The quitting cycle. In everybody's life, there is something of a quitting cycle. So you can talk about adolescence being a time where people quit listening to their parents. And then maybe in people's mid-to-late 20s, they start quitting places or even quitting people. And then later on in mid-life, I think that there's a little bit of a quitting thing going on, which some people call mid-life crisis, and I would probably call it the mid-life quit. And then for older adults, I think they do quite a bit of quitting, too. I think that they basically quit giving a damn what people think of them and quit worrying about certain things.

There's the quitting cycle and then there's the nature of quitters, which I think is important. I don't think quitters are lazy people necessarily. I mean some quitters are probably lazy, but I don't think that the essential nature of a quitter is to be lazy. I think that the essential nature of a quitter is to be able to cut their losses and move on. Quitting is about being willful. Quitting is about having one's own volition to do whatever.

Ira Glass

Can I ask you to reflect on why it is that you think the word "quitter" has such a pejorative connotation in our culture? Because I think of the last time I saw the word "quitter" and it was a cover of a magazine with Ross Perot on it, when he pulled out of the presidential race. And the word "quitter" was above him. Just the notion of being a quitter was so shameful. That was the message of it.

Evan Harris

The word "quitter" does have a negative connotation, and that's something that I would really like to change. I would really like to kidnap that word. I see quitters as people who have volition. Quitters never win and winners never quit, and that's completely untrue. I mean really the more things you quit, the more things you're going to do. And the more things you do, the more potential you have for success.

I mean, I would say that Quitter Quarterly as a thing is definitely pro-quitting propaganda. I mean, absolutely. But I'm not so much describing-- well, maybe I'm describing a little bit what quits feel like. But I'm much more interested in the anatomy of quitting. I would say that the anatomy of an actual quit would vary, but the general form of a quit would be that the quitter thinks about it. The quitter thinks about it some more. The quitter quits. And then there's the post-quitting stuff.

Ira Glass

I'm just going to stop that right there. Are you following this particular point? Let's review those steps again, OK? The anatomy of a quit. The quitter thinks about it. Step two now. The quitter thinks about it some more. To me this indicates somebody who actually has been in that position. You don't just think about it. It goes on for a really long, long time before you actually then do the quit. Let's review.

Evan Harris

That the quitter thinks about it. The quitter thinks about it some more. The quitter quits. And then there's the post-quitting stuff.

Ira Glass

Now, you know, we have all met in our lives people who have come to see the world through a single idea, people for whom all interaction can be explained by some scheme.
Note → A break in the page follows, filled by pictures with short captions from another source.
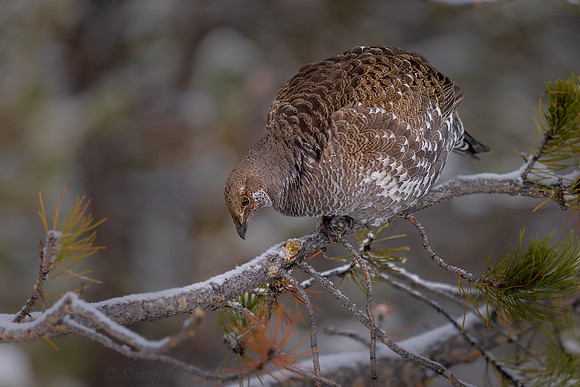 Dusky Grouse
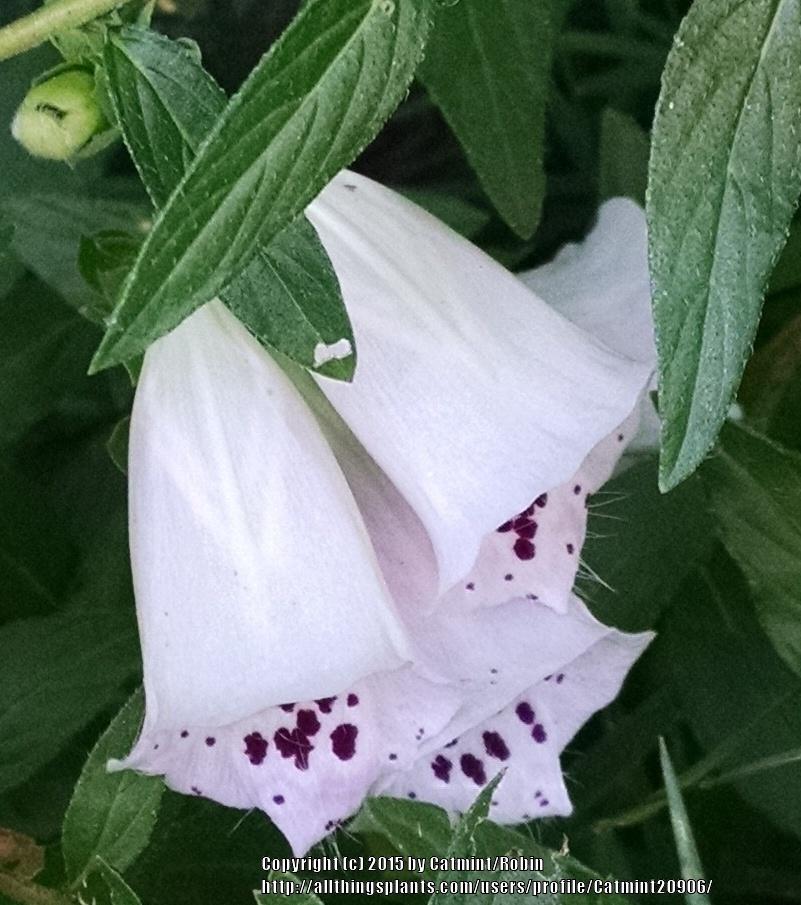 Photo of Foxglove (Digitalis purpurea 'Excelsior Group') uploaded by Catmint20906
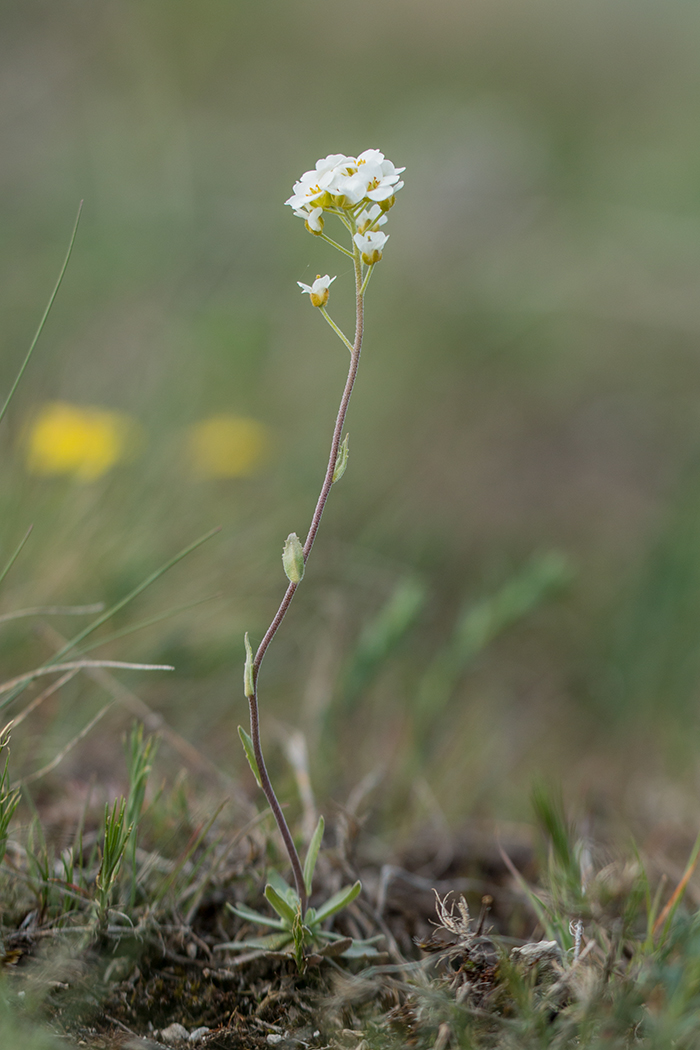 Изображение особи Schivereckia podolica.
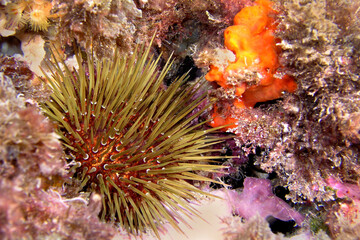 Naklejka na ściany i meble Sea Urchin, Paracentrotus lividus, Cabo Cope Puntas del Calnegre Regional Park, Mediterranean Sea, Murcia, Spain, Europe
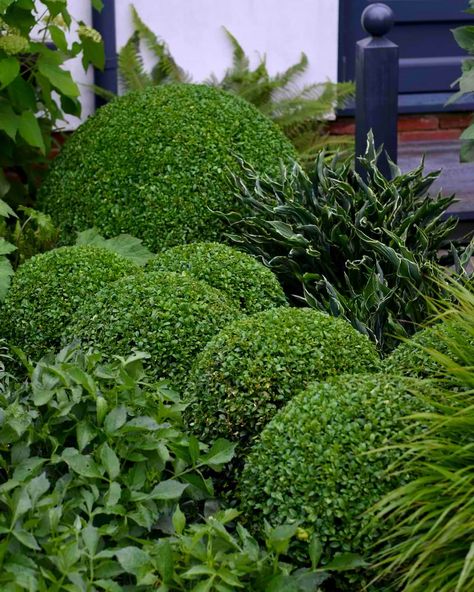 Topiary Tour – Clipped evergreens in my Garden – Herbidacious Allium And Boxwood, Taxus Baccata Ball, Yew Topiary, Alberta Spruce Topiary, Cloud Pruning, Topiary Balls, Buxus Sempervirens, Taxus Baccata, Parterre Garden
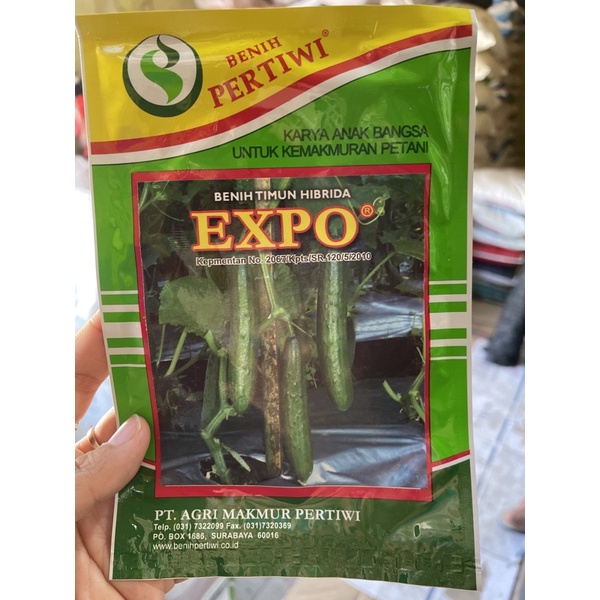 Benih timun hibrida Expo/ bibit timun jepang hibrida Expo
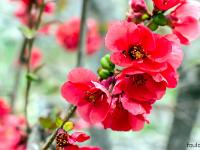 Vallée de l'Ubaye  Cognasier du Japon en fleur dans le même jardin à Jausiers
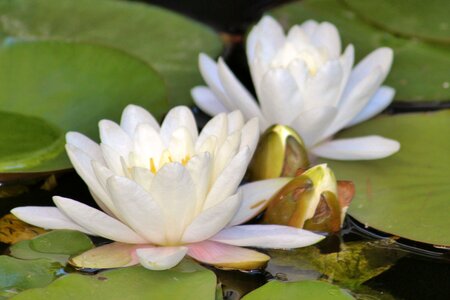 Aquatic plant white water lily pond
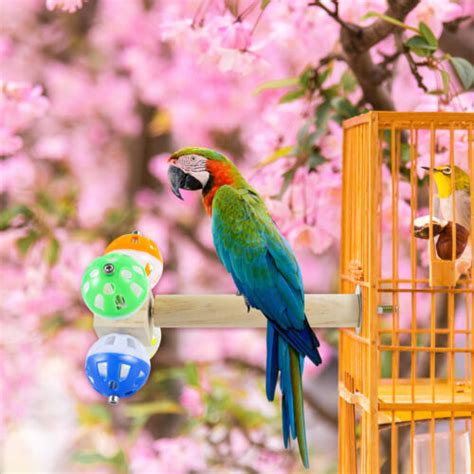 Bird Stand Perch Toy With Rotating Balls Creative Rotating Bell Balls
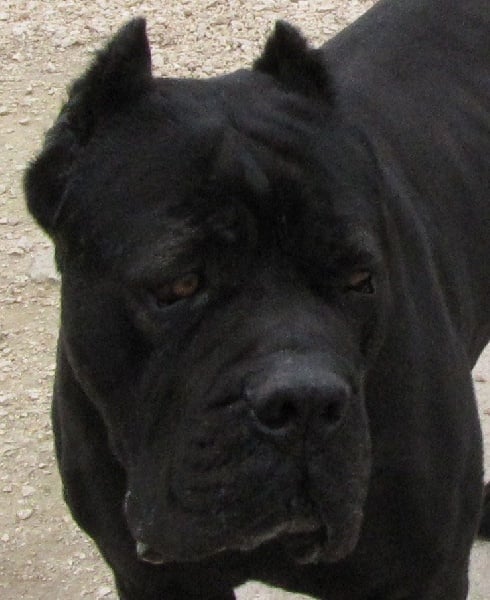 Publication : di Re Manfredi Auteur : Paolo Renzullo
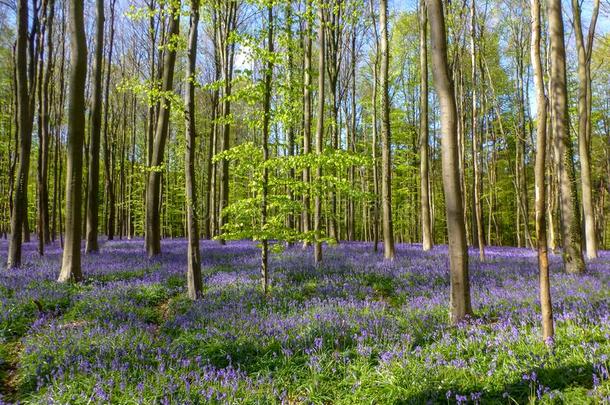 季节的紫色的-蓝色地毯关于开花蓝色bells野生的风信子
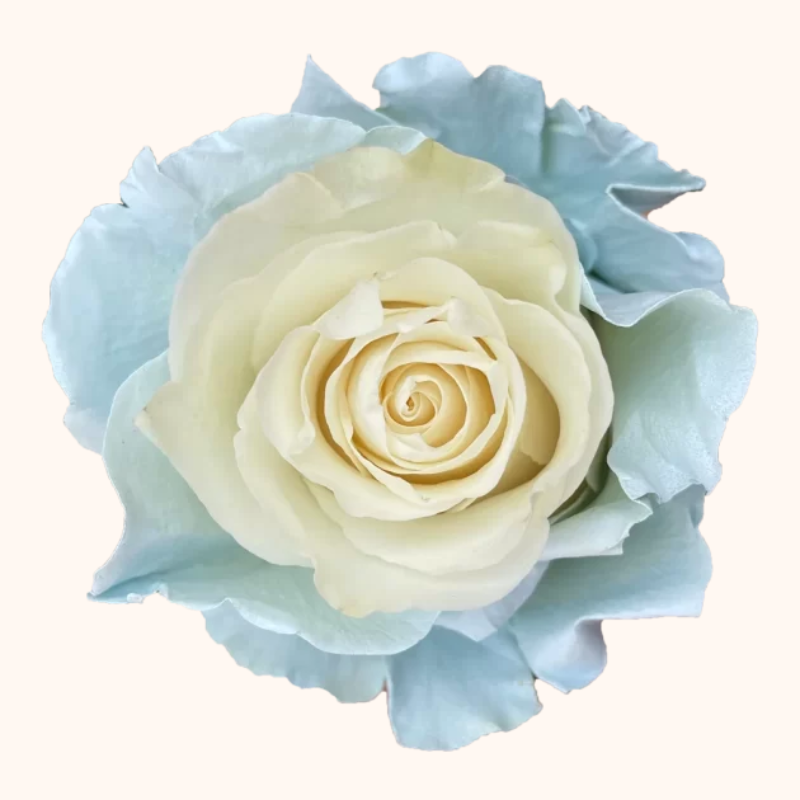 Angel Light Blue & White Tinted Roses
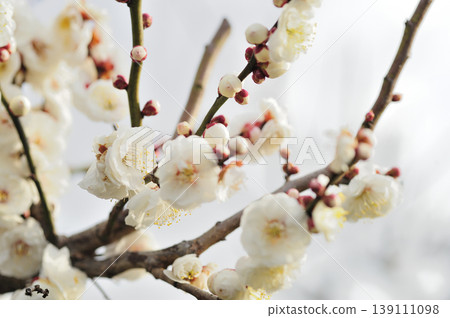 我在梅林公園看到的梅花 139111098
And it could be a big idea. It could be the laws of supply and demand, or Fundamentalist Christianity, or structuralist linguistic theory. Or it could be a small idea. The need for everybody to do aerobic exercise on a regular basis, or the danger of fluoridation, or CIA conspiracies dating back to the Bay of Pigs.

Who amongst us has not had a conversation on a train, or a plane, or at a party, or an in-law's house, where some earnest-faced person, full of evidence and theory, expounds at length on an idea like, if everyone on the earth would just stand on his or her head for an hour a day, there would be world peace?

And if you talk to Evan Harris for a while, she'll tell you about the great quits which have driven world history, how, in fact, all the wars and strife of the millennia are, in fact, better understood as a series of quits. And as some people will do when they become obsessed with a single topic, she sometimes delves into quitting issues that are so esoteric, so erudite, that it would be hard, I think, for anyone else to not just understand them, but to care about them.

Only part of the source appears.